[WORK ITEM]:
The output must be exactly the lines from the "Women's Tribal Print Jacket in Multicolour" line through the end of the listing below, with no picture included.

[COLLECTED MATERIAL]:
********
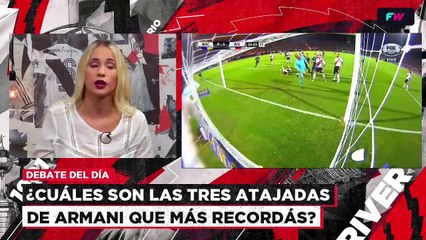 Debate del día: el equipo de LPM TV eligió sus tres atajadas de Armani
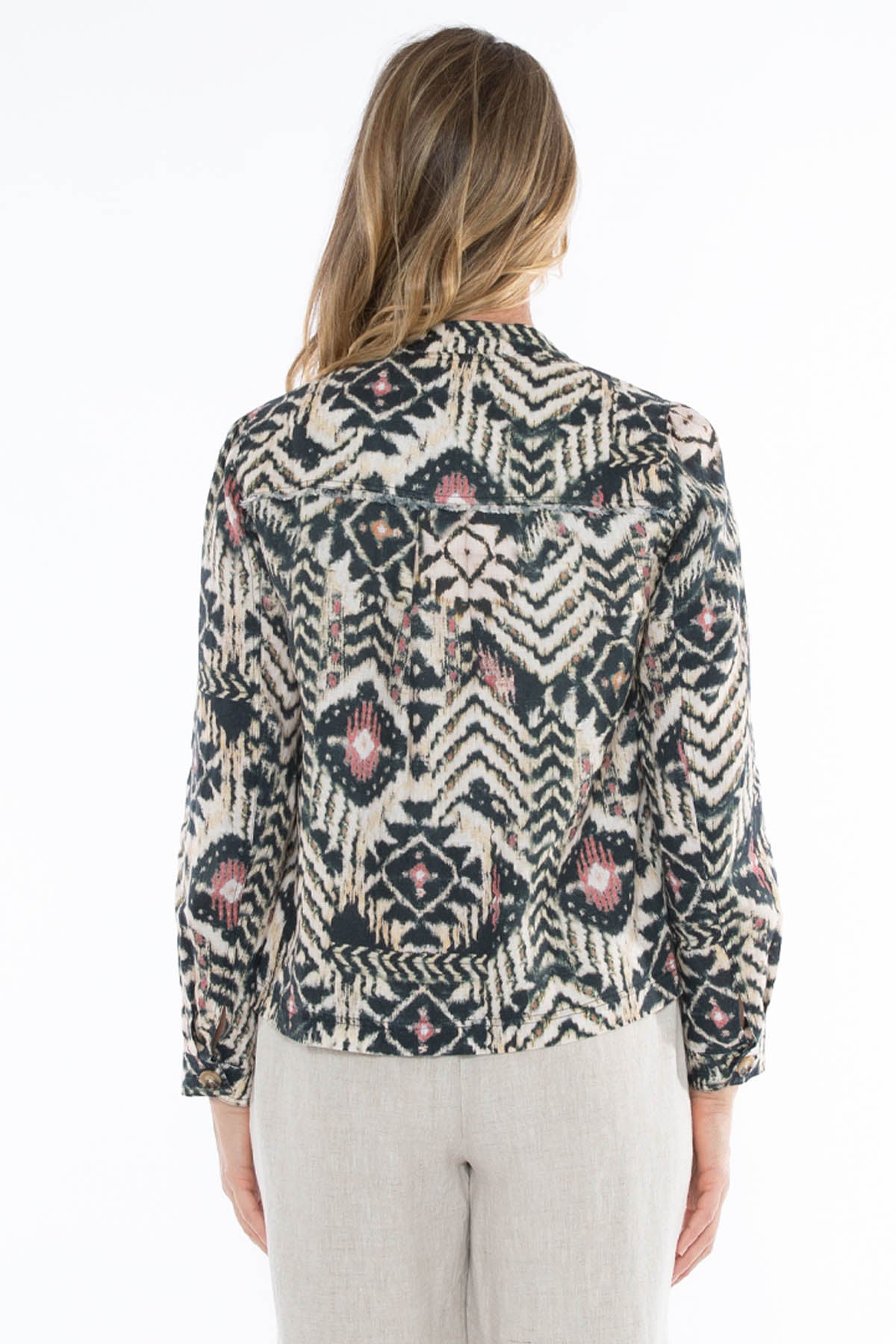 Women's Tribal Print Jacket in Multicolour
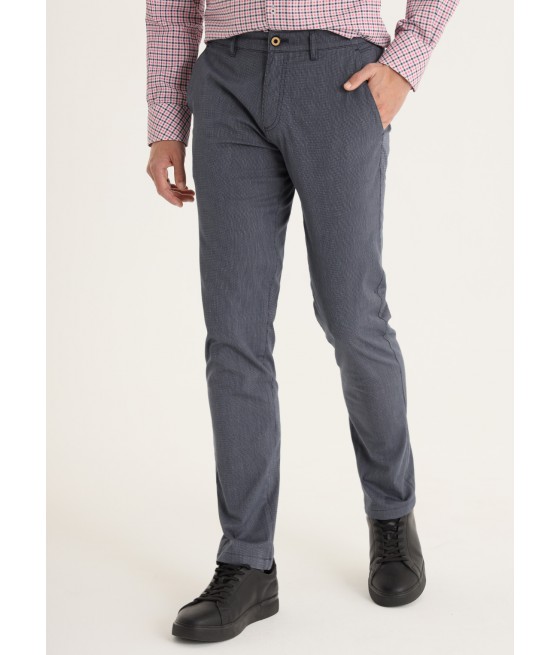 V&LUCCHINO - Pantalon Chino Slim - Tiro Medio con tapetas|Tallaje en Pulgadas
********
[EXERCISE SOLUTION]:
 Women's Tribal Print Jacket in Multicolour
 V&LUCCHINO - Pantalon Chino Slim - Tiro Medio con tapetas|Tallaje en Pulgadas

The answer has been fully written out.